After Nato stated it was
fortifying its eastern frontiers with land, sea, and air forces as a Russian
invasion of Ukraine became increasingly likely, European markets fell 3.8
percent to their lowest levels since October, their largest one-day drop in
more than 18 months.
Investors feared that the
Federal Reserve, the US central bank, would hike interest rates many times this
year, beginning in March, after US inflation hit a 40-year high of 7% in
December.
The FTSE 100 index
dropped 2.6 percent to a one-month low in the City of London, its worst drop in
two months, as Boris Johnson cautioned that a "lightning war" in
Ukraine was possible but not inevitable. The blue-chip index dropped 197 points
to 7,297 points.
Pearson, the educational
publisher, led the FTSE 100 decliners, falling 9%, while Russian steelmaker
Evraz fell 8%. Miners, energy producers, travel companies, and homebuilders all
suffered losses.
The Dax index of major German companies fell 3.8 percent in Frankfurt, while France's Cac fell 4%.

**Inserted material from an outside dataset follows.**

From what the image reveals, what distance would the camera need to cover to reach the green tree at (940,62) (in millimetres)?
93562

The UK's FTSE 100 share index has fallen to a one-month low, hit by worries over US interest rate rises and rising Ukraine tensions
After heavy selling pushed the S&P 500 index down over 3% at one point, the indices ended the day higher after a late rally pushed the major US indices higher.
Investors flocked to
safe-haven assets such as the US dollar and the Swiss franc, which hit a
six-year high against the euro.
The sell-off in risk
assets impacted cryptocurrencies, with bitcoin falling to a six-month low of
around $33,000 (£24,500), less than half its all-time high of $69,000 reached
last November.
The Fed, which meets this
week, may also begin to reduce its balance sheet this year, removing some of
the stimulus implemented since the Covid pandemic began.
"Traders are
continuing to sell as concerns about the Russia-Ukraine situation grow,"
said David Madden, a market analyst at Equiti Capital. "Concerns that the
Federal Reserve will issue a hawkish update on Wednesday are also factoring
in."
The prospect of tighter
monetary policy has dragged down technology stocks, with the Nasdaq Composite
index entering correction territory earlier this month.
"The double whammy
of risk events is proving too much for Wall Street to handle, with the Nasdaq
once again leading the charge lower as the tech rout deepens," Fiona
Cincotta, senior financial markets analyst at City Index, said.
"Meanwhile, embassy
personnel are being evacuated from Kyiv amid growing fears that Russia will
send troops into Ukraine soon." Last week's talks between the US and
Russia failed to pave the way for a resolution. Fears of war are driving the
risk-off trade, which is causing bonds to rise."
As a result, Moscow's
stock market saw heavy selling. The Moex index of Russian companies fell almost
6% to its lowest level since December 2020, taking its losses so far in 2022 to
almost 15%.
The rouble plunged 2.5%
to over 79 roubles per dollar, as the Bank of Russia halted purchases of
foreign currencies amid heightened tensions over Ukraine.Purchasing managers'
surveys show that private sector growth in the UK, eurozone, and U.S. hit its
slowest pace in 18 months in January, Additionally, there were signs that the
Omicron variant had slowed the global recovery.